Before returning the data, strip out the pictures and keep everything else exactly the same.

Provided material —
###

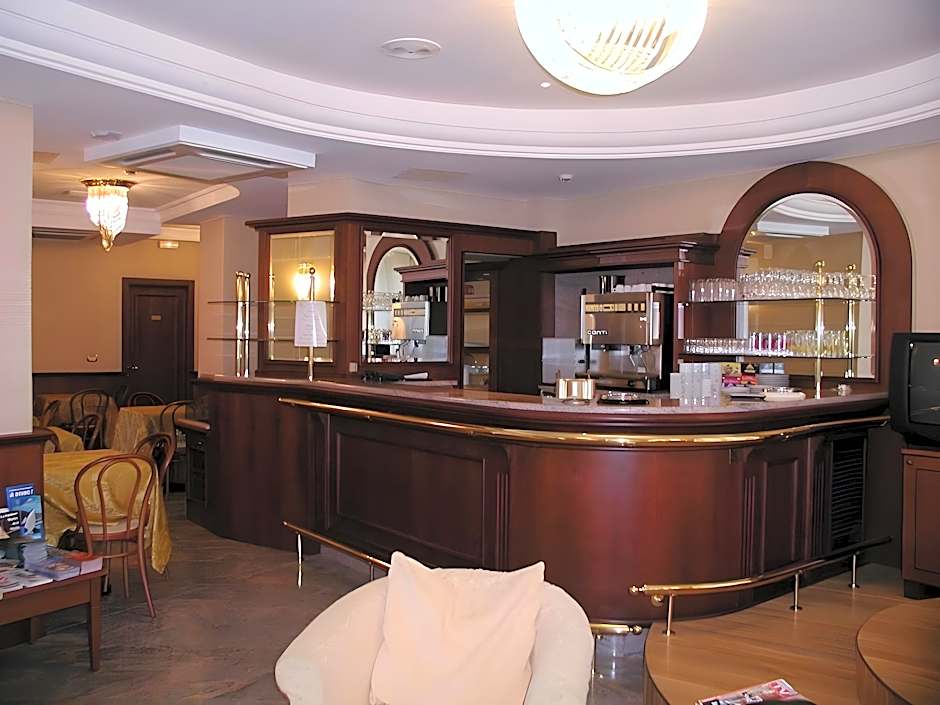 Hotel Olympia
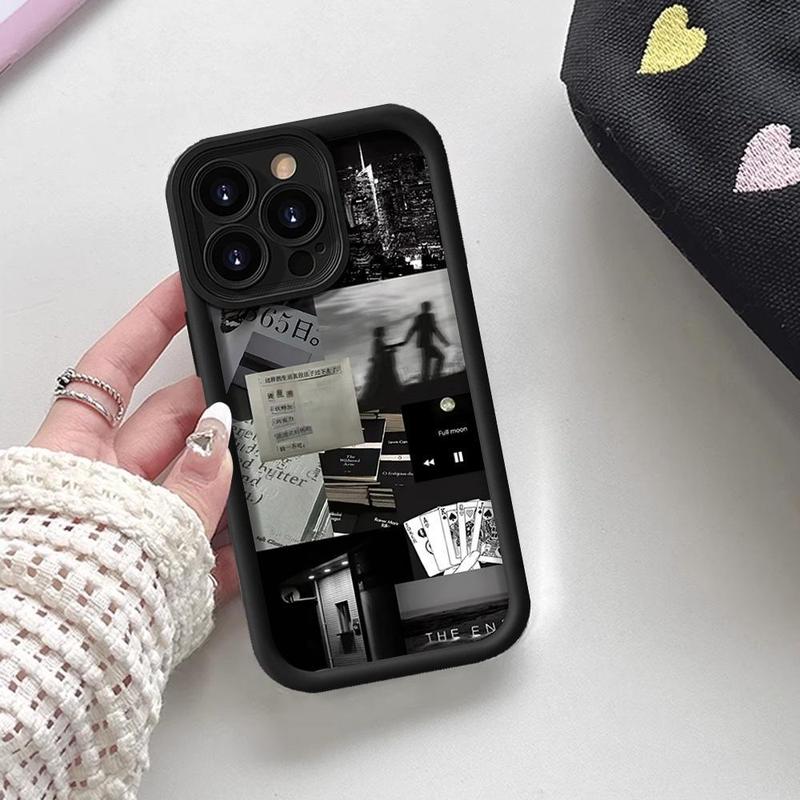 Casing Hp Samsung A05 A05S A14 5G A03S A04 A04S A04E A53 A54 A10S A10 A11 A12 A13 A20 A22 A23 A24 A31 A32 A33 A50 A51 A52 Penutup Soft Case Desain Gambar Tambal Sulam MUHAMAD 4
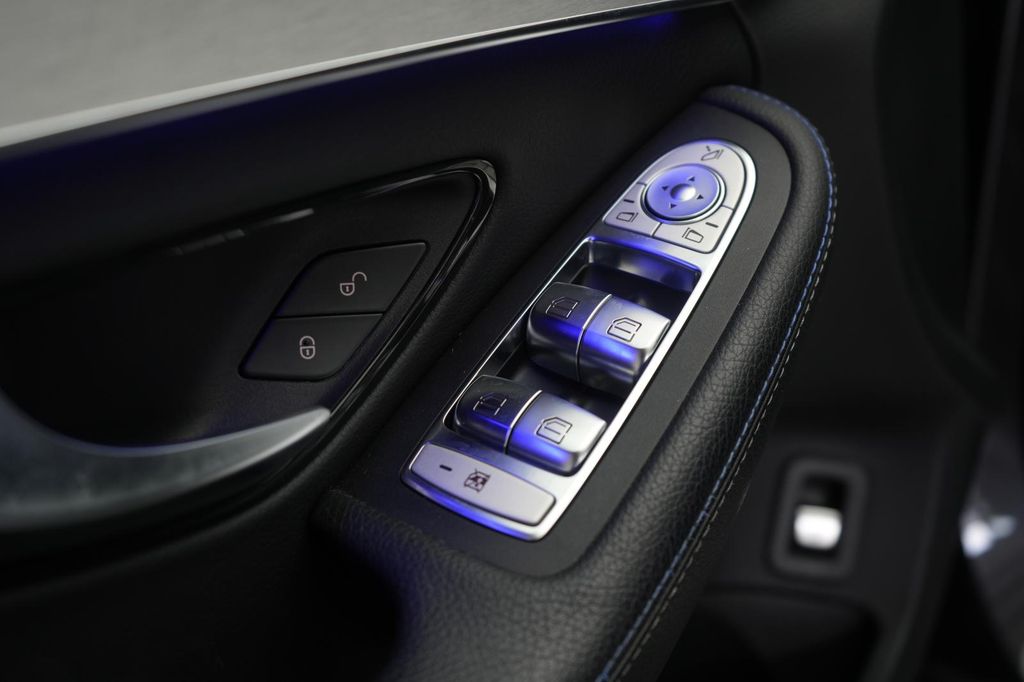 Mercedes-Benz C 220 2021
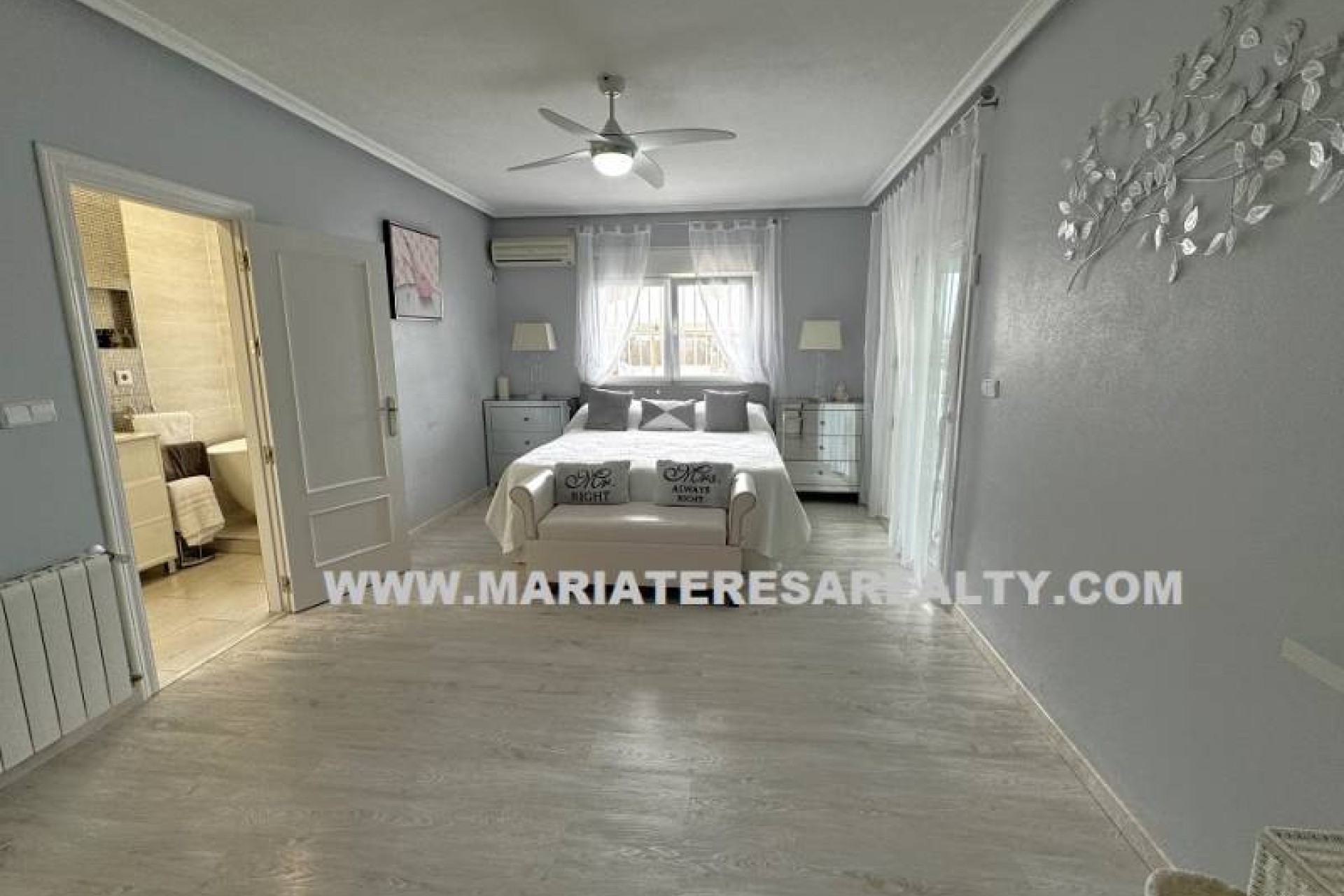 Resale - Villa - Lo Santiago - Gea y Trujols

###

Exercise output —
 Hotel Olympia
 Casing Hp Samsung A05 A05S A14 5G A03S A04 A04S A04E A53 A54 A10S A10 A11 A12 A13 A20 A22 A23 A24 A31 A32 A33 A50 A51 A52 Penutup Soft Case Desain Gambar Tambal Sulam MUHAMAD 4
 Mercedes-Benz C 220 2021
 Resale - Villa - Lo Santiago - Gea y Trujols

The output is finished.